What inferential leverage do statistical models provide?18 December, 2016 at 14:19 | Posted in Statistics & Econometrics | 10 Comments
Experimental (and non-experimental) data are often analyzed using a regression model of the form
Yi =a+bZi +Wiβ+εi,
where Wi is a vector of control variables for subject i, while a, b, and β are parameters (if Wi is 1×p, then β is p×1). The effect of treatment is measured by b. The disturbances εi would be assumed independent across subjects, with expectation 0 and constant variance. The Zi and Wi would also need to be independent of the disturbances (this is the exogeneity assumption).

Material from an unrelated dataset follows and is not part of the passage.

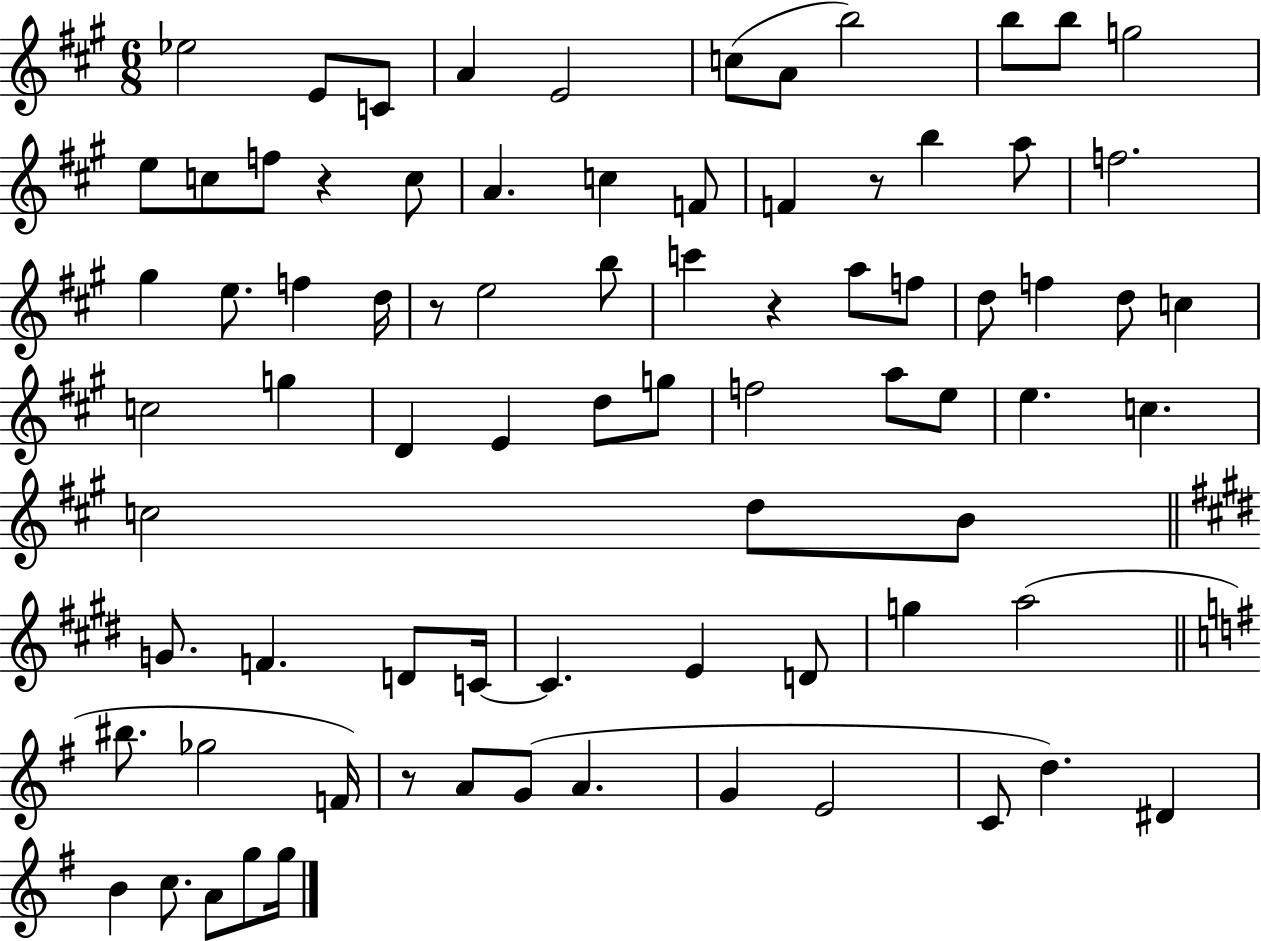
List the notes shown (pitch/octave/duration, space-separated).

Eb5/h E4/e C4/e A4/q E4/h C5/e A4/e B5/h B5/e B5/e G5/h E5/e C5/e F5/e R/q C5/e A4/q. C5/q F4/e F4/q R/e B5/q A5/e F5/h. G#5/q E5/e. F5/q D5/s R/e E5/h B5/e C6/q R/q A5/e F5/e D5/e F5/q D5/e C5/q C5/h G5/q D4/q E4/q D5/e G5/e F5/h A5/e E5/e E5/q. C5/q. C5/h D5/e B4/e G4/e. F4/q. D4/e C4/s C4/q. E4/q D4/e G5/q A5/h BIS5/e. Gb5/h F4/s R/e A4/e G4/e A4/q. G4/q E4/h C4/e D5/q. D#4/q B4/q C5/e. A4/e G5/e G5/s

Randomization guarantees that the Zi are independent of the Wi and εi . But why are Wi and εi independent? Why are the εi independent across subjects, with expectation 0 and constant variance? Replacing the indicator Zi for assignment by an indicator Xi for treatment received makes the model less secure: why is choice of treatment independent of the disturbance term? With observational data, such questions are even thornier. Of course, there are models with assumptions that are more general and harder to fathom. But that only postpones the reckoning. More-complicated questions can in turn be asked about more-complicated models …

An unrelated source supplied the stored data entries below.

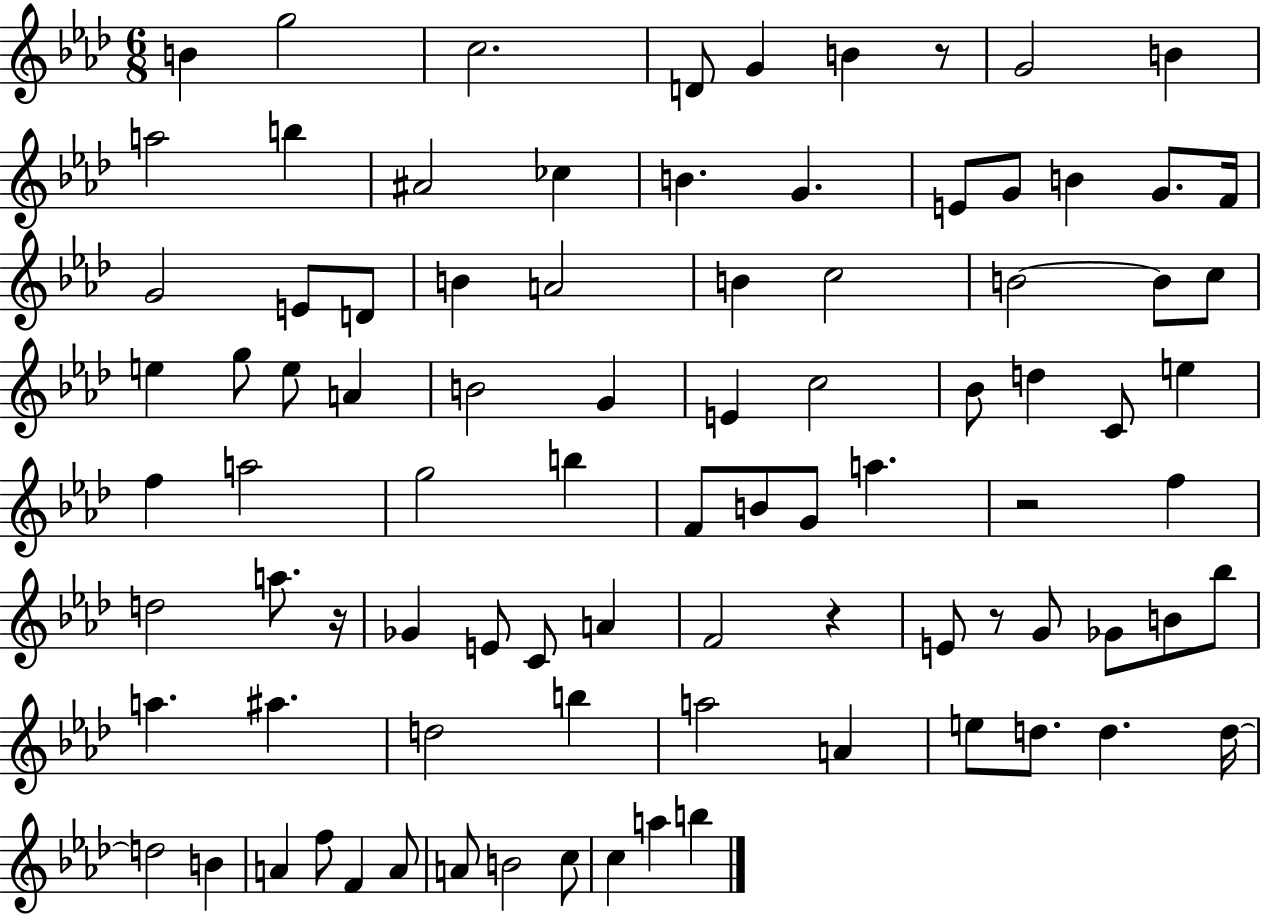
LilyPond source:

{
  \clef treble
  \numericTimeSignature
  \time 6/8
  \key aes \major
  b'4 g''2 | c''2. | d'8 g'4 b'4 r8 | g'2 b'4 | \break a''2 b''4 | ais'2 ces''4 | b'4. g'4. | e'8 g'8 b'4 g'8. f'16 | \break g'2 e'8 d'8 | b'4 a'2 | b'4 c''2 | b'2~~ b'8 c''8 | \break e''4 g''8 e''8 a'4 | b'2 g'4 | e'4 c''2 | bes'8 d''4 c'8 e''4 | \break f''4 a''2 | g''2 b''4 | f'8 b'8 g'8 a''4. | r2 f''4 | \break d''2 a''8. r16 | ges'4 e'8 c'8 a'4 | f'2 r4 | e'8 r8 g'8 ges'8 b'8 bes''8 | \break a''4. ais''4. | d''2 b''4 | a''2 a'4 | e''8 d''8. d''4. d''16~~ | \break d''2 b'4 | a'4 f''8 f'4 a'8 | a'8 b'2 c''8 | c''4 a''4 b''4 | \break \bar "|."
}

With models, it is easy to lose track of three essential points: (i) results depend on assumptions, (ii) changing the assumptions in apparently innocuous ways can lead to drastic changes in conclusions, and (iii) familiarity with a model’s name is no guarantee of the model’s truth. Under the circumstances, it may be the assumptions behind the model that provide the leverage, not the data fed into the model. This is a danger with experiments, and even more so with observational studies.